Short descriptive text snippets
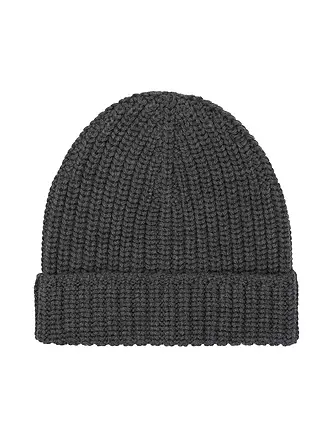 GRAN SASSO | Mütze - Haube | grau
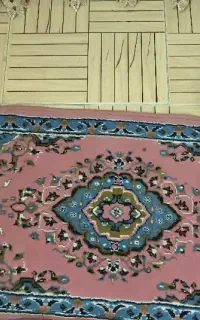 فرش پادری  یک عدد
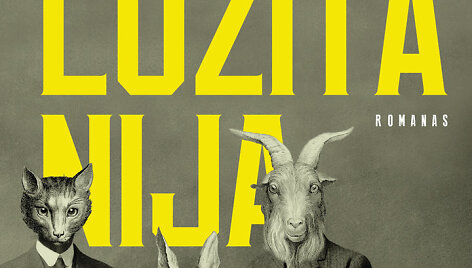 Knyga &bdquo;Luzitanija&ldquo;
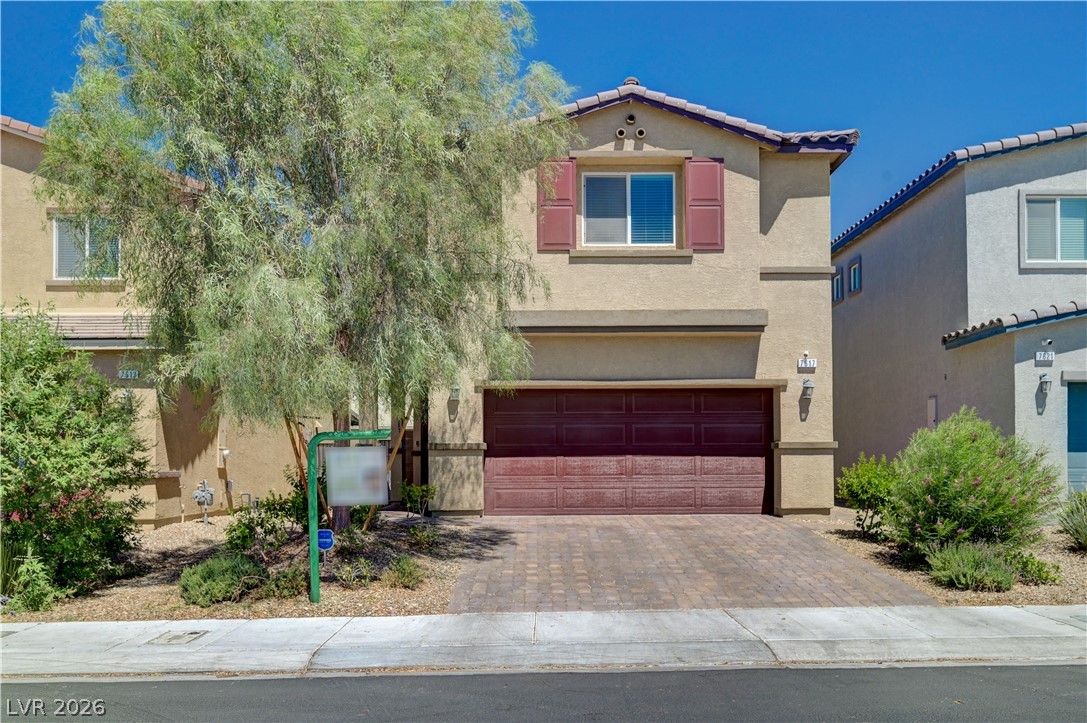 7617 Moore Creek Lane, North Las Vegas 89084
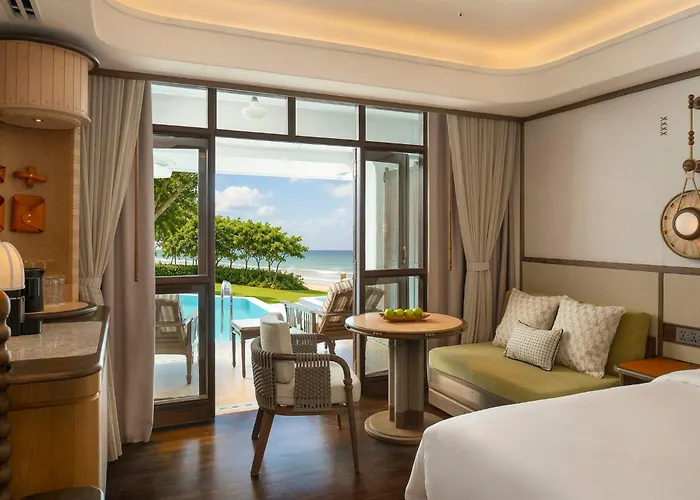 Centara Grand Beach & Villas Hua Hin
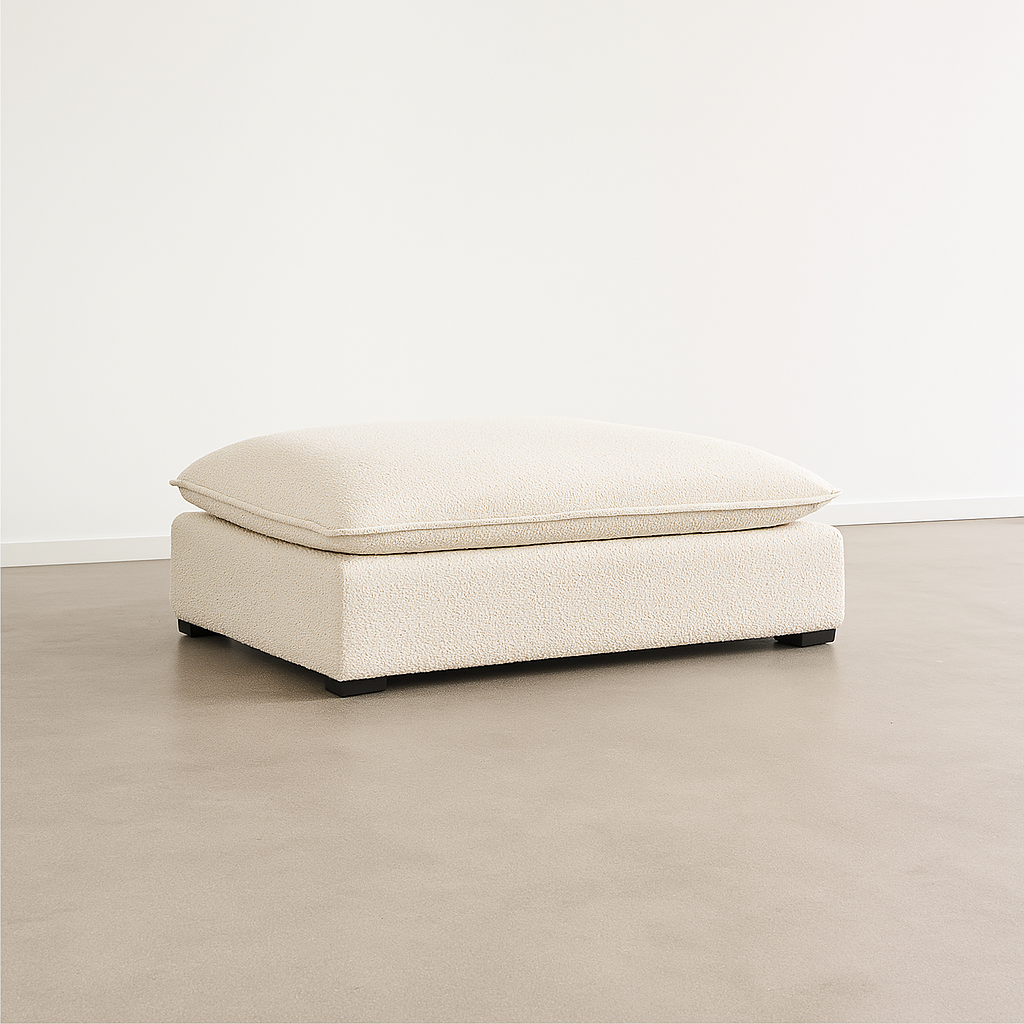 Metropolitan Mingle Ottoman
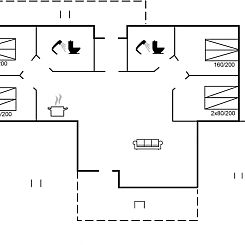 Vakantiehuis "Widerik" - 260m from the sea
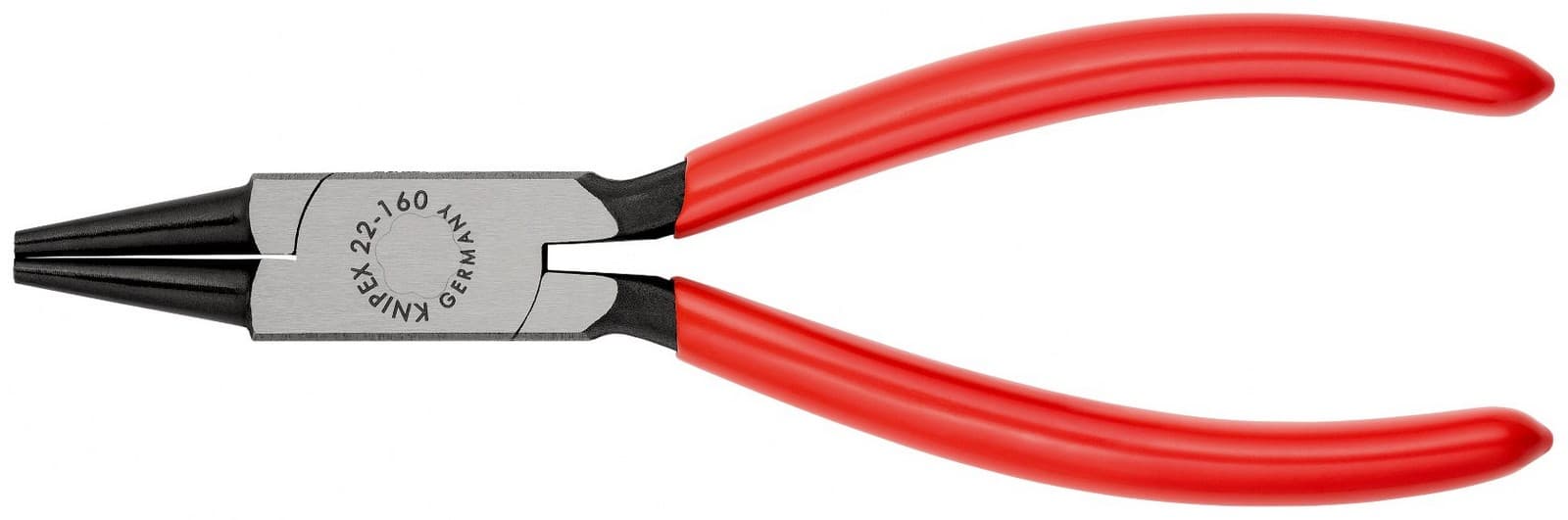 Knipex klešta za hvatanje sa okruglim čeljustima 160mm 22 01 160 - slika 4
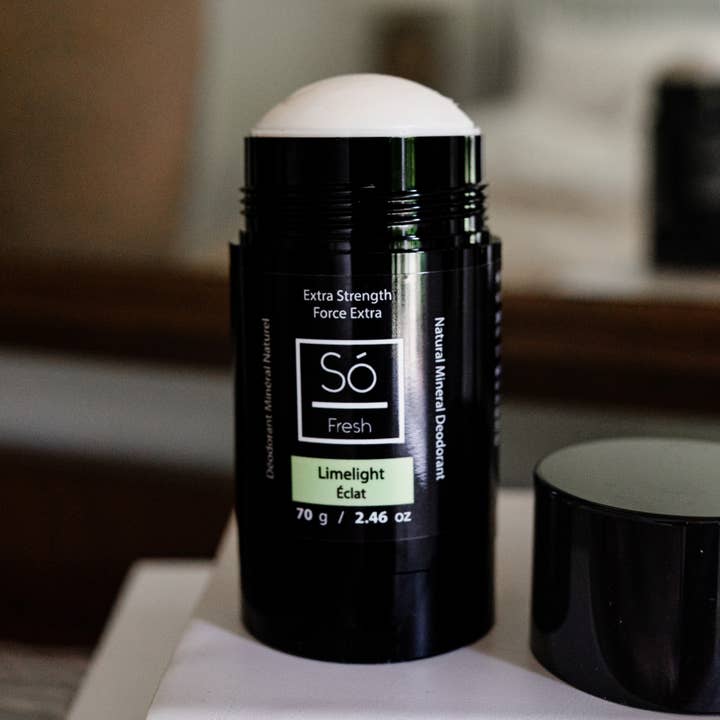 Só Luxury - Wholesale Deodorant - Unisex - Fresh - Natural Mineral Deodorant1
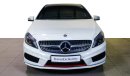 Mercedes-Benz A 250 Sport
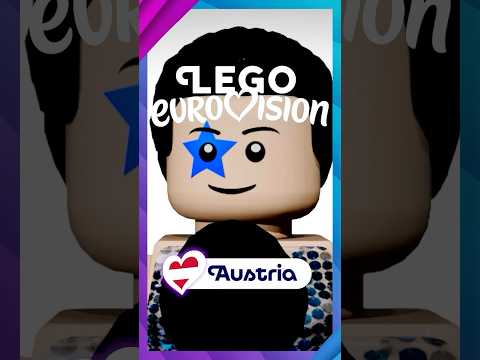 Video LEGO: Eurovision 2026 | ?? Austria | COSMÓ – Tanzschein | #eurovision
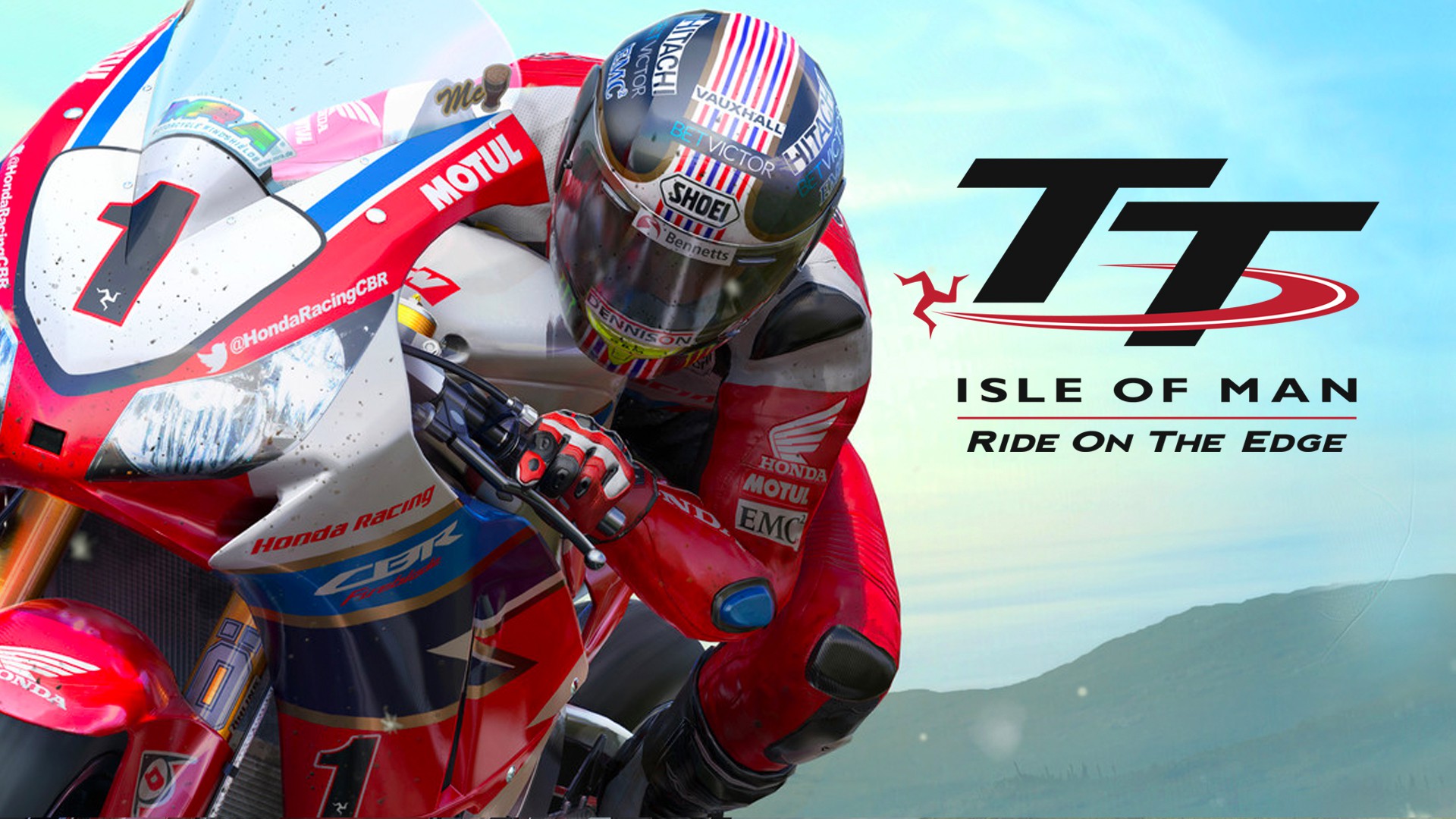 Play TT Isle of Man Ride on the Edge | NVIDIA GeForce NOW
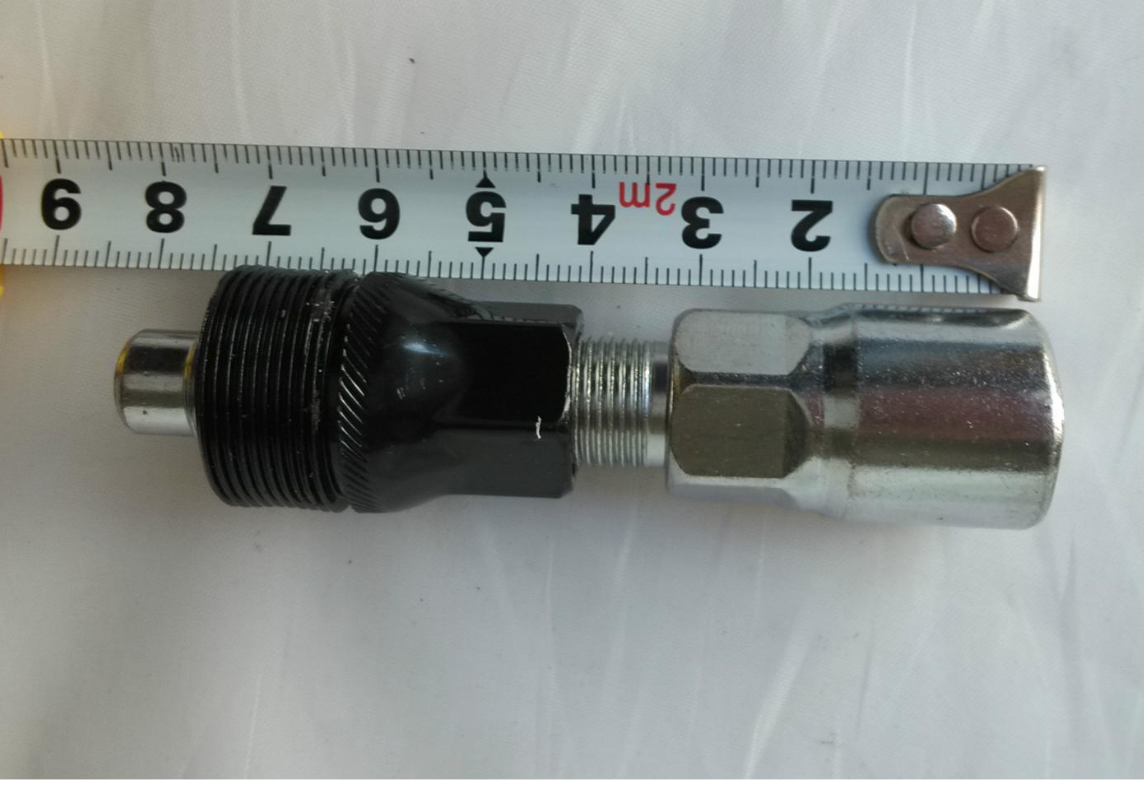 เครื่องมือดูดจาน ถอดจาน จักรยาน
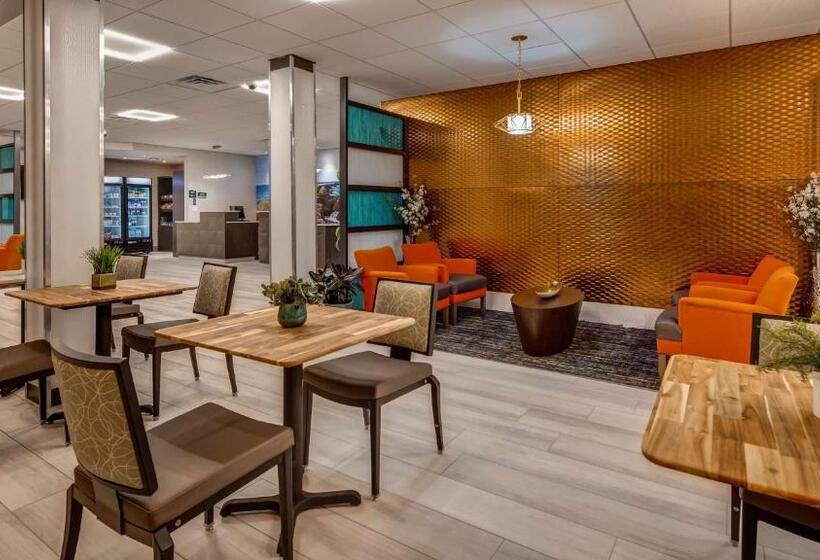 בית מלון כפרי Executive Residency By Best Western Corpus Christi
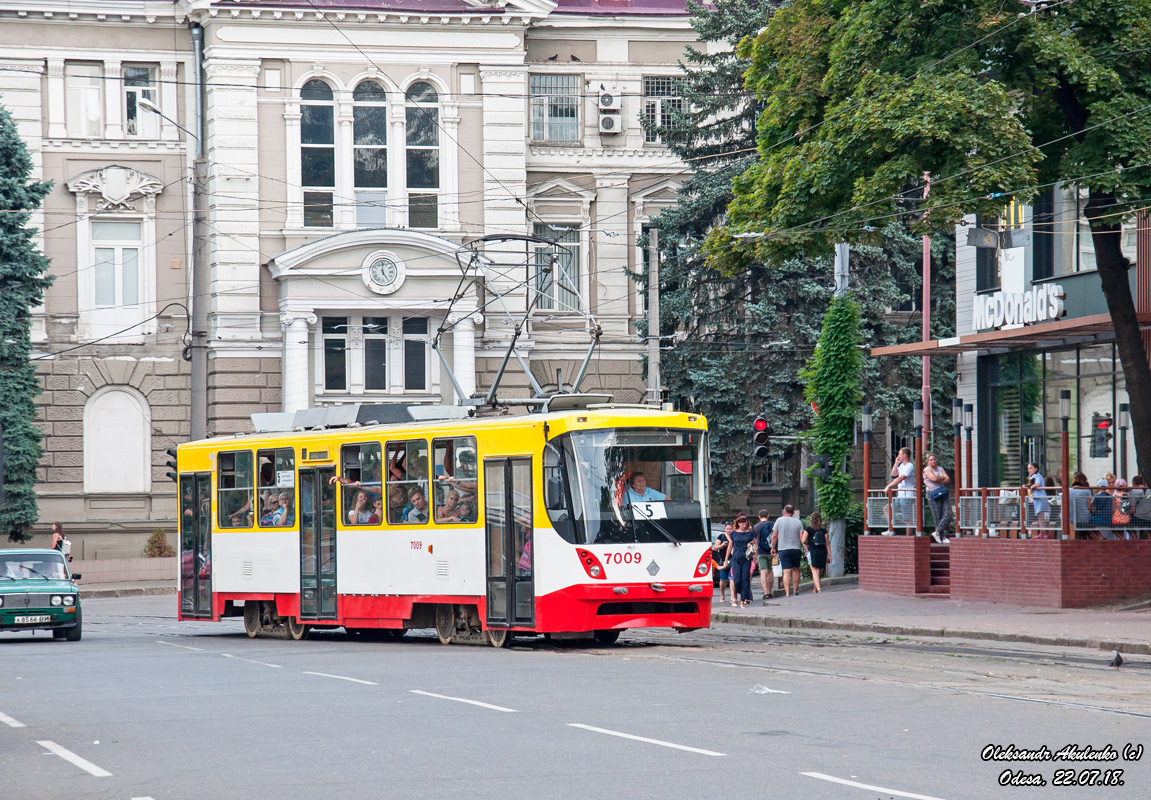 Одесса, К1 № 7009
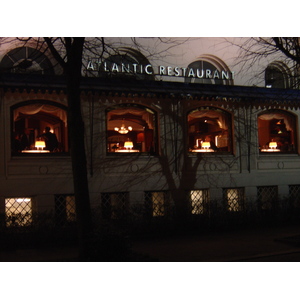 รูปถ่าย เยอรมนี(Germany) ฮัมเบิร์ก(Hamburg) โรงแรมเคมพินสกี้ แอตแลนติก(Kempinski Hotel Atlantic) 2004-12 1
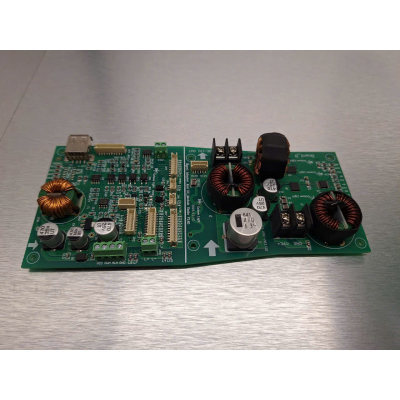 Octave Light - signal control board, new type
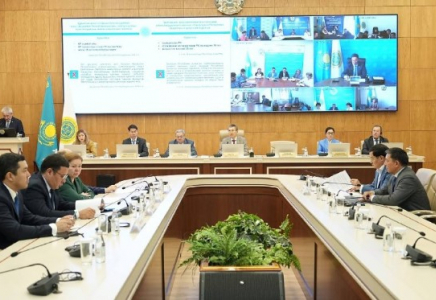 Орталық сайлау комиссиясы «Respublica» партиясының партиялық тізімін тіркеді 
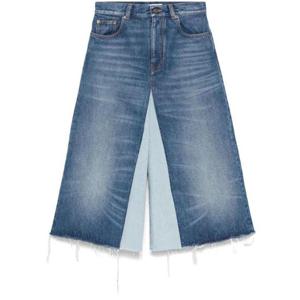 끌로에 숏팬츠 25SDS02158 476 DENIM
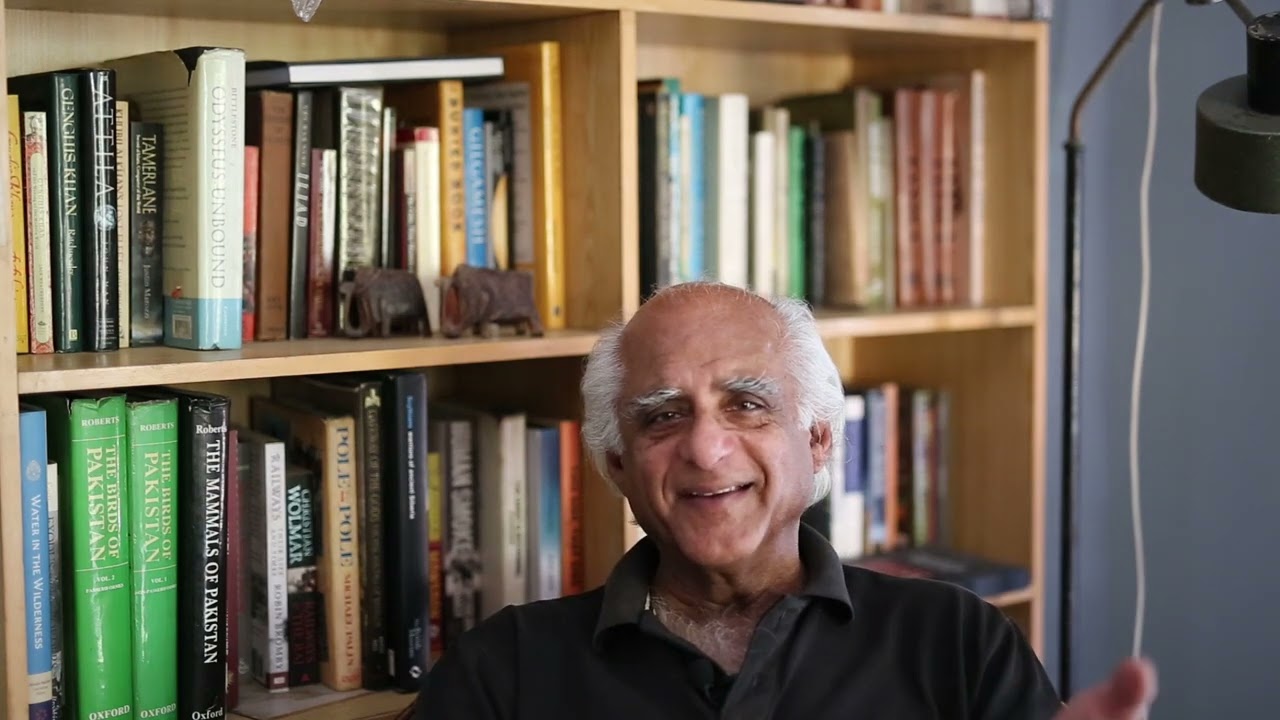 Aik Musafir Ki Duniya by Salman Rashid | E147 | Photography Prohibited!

*Work to be completed:* Leave every picture out and copy precisely the lines from the one containing "Só Luxury - Wholesale" through the last line of the data above, both ends included.

*Output for this exercise:*
 Só Luxury - Wholesale Deodorant - Unisex - Fresh - Natural Mineral Deodorant1
 Mercedes-Benz A 250 Sport
 Video LEGO: Eurovision 2026 | ?? Austria | COSMÓ – Tanzschein | #eurovision
 Play TT Isle of Man Ride on the Edge | NVIDIA GeForce NOW
 เครื่องมือดูดจาน ถอดจาน จักรยาน
 בית מלון כפרי Executive Residency By Best Western Corpus Christi
 Одесса, К1 № 7009
 รูปถ่าย เยอรมนี(Germany) ฮัมเบิร์ก(Hamburg) โรงแรมเคมพินสกี้ แอตแลนติก(Kempinski Hotel Atlantic) 2004-12 1
 Octave Light - signal control board, new type
 Орталық сайлау комиссиясы «Respublica» партиясының партиялық тізімін тіркеді 
 끌로에 숏팬츠 25SDS02158 476 DENIM
 Aik Musafir Ki Duniya by Salman Rashid | E147 | Photography Prohibited!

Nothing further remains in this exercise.